▶ Exercise requirements
Scan the lines below for the string "Apartment". Reply with how many match, and no other words.

(Records excerpted from a collection)
■ ■ ■ ■ ■

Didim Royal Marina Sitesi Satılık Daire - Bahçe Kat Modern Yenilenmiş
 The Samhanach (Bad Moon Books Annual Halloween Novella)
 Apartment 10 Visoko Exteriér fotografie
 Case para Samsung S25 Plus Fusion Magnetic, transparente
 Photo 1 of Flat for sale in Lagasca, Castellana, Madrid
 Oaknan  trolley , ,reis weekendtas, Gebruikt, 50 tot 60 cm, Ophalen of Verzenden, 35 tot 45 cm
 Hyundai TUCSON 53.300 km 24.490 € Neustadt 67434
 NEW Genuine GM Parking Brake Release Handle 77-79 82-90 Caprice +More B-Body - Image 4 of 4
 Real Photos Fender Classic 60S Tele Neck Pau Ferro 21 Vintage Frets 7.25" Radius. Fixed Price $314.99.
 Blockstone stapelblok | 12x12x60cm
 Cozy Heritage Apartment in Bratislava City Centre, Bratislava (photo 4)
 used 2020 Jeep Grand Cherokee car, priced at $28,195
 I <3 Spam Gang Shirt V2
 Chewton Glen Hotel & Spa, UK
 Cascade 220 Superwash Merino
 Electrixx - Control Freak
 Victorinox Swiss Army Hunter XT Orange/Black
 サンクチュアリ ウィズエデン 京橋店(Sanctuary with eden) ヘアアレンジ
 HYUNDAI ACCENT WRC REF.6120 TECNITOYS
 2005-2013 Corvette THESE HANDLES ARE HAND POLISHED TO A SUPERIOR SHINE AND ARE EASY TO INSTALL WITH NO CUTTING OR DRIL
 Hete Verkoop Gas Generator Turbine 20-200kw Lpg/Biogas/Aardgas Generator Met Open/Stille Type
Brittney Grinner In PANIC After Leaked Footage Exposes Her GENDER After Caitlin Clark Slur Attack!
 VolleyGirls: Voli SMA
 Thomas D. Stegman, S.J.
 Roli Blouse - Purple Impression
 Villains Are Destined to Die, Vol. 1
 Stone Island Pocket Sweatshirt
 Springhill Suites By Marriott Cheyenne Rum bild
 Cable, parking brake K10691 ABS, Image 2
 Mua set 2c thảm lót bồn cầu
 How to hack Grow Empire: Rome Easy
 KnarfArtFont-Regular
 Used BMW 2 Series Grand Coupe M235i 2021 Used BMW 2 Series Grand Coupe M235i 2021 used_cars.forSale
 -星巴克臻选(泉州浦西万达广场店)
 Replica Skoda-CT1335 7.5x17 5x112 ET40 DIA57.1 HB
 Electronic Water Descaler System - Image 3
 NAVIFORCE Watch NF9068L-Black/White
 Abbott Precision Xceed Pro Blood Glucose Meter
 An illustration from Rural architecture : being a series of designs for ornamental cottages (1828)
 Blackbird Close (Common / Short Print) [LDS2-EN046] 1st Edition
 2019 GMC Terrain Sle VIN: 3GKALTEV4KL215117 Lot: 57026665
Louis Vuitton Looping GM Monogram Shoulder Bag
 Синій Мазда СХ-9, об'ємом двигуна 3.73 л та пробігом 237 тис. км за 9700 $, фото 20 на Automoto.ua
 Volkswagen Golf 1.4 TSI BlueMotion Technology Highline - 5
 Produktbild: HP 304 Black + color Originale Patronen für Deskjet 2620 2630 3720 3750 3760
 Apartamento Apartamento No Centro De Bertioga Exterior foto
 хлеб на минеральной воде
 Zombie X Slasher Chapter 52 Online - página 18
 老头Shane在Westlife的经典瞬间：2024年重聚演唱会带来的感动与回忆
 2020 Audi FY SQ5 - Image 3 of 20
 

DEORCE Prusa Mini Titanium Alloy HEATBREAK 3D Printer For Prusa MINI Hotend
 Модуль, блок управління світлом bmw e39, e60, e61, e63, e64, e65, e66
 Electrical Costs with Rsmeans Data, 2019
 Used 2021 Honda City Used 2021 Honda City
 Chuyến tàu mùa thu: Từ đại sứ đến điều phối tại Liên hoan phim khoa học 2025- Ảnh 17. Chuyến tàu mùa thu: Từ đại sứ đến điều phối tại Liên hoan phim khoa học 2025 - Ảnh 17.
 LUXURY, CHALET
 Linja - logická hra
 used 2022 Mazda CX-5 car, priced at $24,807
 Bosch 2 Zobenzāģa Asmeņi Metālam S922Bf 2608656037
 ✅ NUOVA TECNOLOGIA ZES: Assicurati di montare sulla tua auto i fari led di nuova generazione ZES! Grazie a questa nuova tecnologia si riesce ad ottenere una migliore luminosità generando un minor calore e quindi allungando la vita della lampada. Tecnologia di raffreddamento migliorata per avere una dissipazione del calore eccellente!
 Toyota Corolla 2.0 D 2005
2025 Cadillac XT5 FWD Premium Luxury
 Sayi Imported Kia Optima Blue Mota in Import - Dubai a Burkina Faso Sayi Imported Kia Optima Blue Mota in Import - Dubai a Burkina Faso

■ ■ ■ ■ ■

▶ Finished exercise
2